Wednesday, June 11, 2014

More Eremurus

Front Border at Froggy Bottom with Eremurus 'Spring Valley Hybrids'
     I previously wrote about Eremurus here, and I can't praise this great plant enough! While it is blooming, there are very few plants that match its magnificence.  Although I have taken a lot of the eremurus in this border to my new garden, there are still enough left to make quite an impact.  The ones in the picture above came from Brent and Becky's Bulbs or McClure and Zimmerman as their Spring Valley Hybrids.  There is also an orange eremurus to the left in the picture that you can see poking up behind the Nolina foliage.  That one is called Cleopatra, and it is commonly found in bulb supplier's catalogs.  It is not quite as tall as some of the others I have grown, although its color makes a standout in any garden.
     Other plants in this picture include Nolina nelsonii (on the left in the picture), Dasylirion wheeleri in the bottom center, Nasella tenuissima, Papaver somniferum, Salvia nemerosa (a cultivar that I lost the name of--but I think it is better than the usual), Echium vulgare (the blue flowered plant),  Onopordum ancanthium, the tall grey plant on the upper right. and Verbascum bomyciferm.  This is a border that is loved by the bees, and this year many of them seem to be busy with these flowers.  I love it!  I should mention that although the echium is supposed to be a noxious weed, it is considered by many to be one of the best bee plants around, and the honey from this plant is supposed to be excellent.  While I don't want to get hate mail, I sometimes question the whole noxious weed control zeitgeist.  If you don't like my philosophy on this, please do not post any comments, as I will probably delete them.

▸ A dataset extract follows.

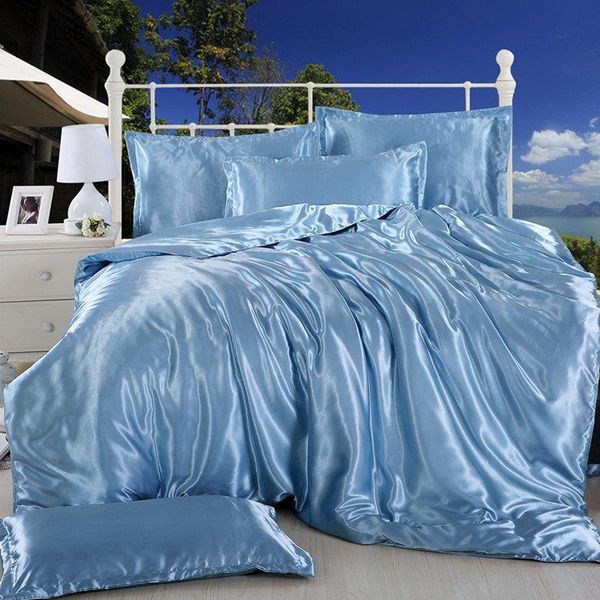 

bedding sets 100% pure satin silk set home textile king size bed clothes duvet cover flat sheet pillowcases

     Another point to make about this border is that it did not come about overnight.  It has taken many years of experimenting with various plants and many years of allowing self sowers to become established to achieve this result.  In my view no garden is really good until it has been established for awhile.  Sure, given enough money you can make something that might look presentable in its first or second year, but that is not the same as establishing what is essentially a self sustaining community of compatible plants that, by the way, look beautiful together.  This kind of gardening, and not the instant pictures so popular on TV makeover shows, is what I find interesting.  Anyway, enough with the ranting for today!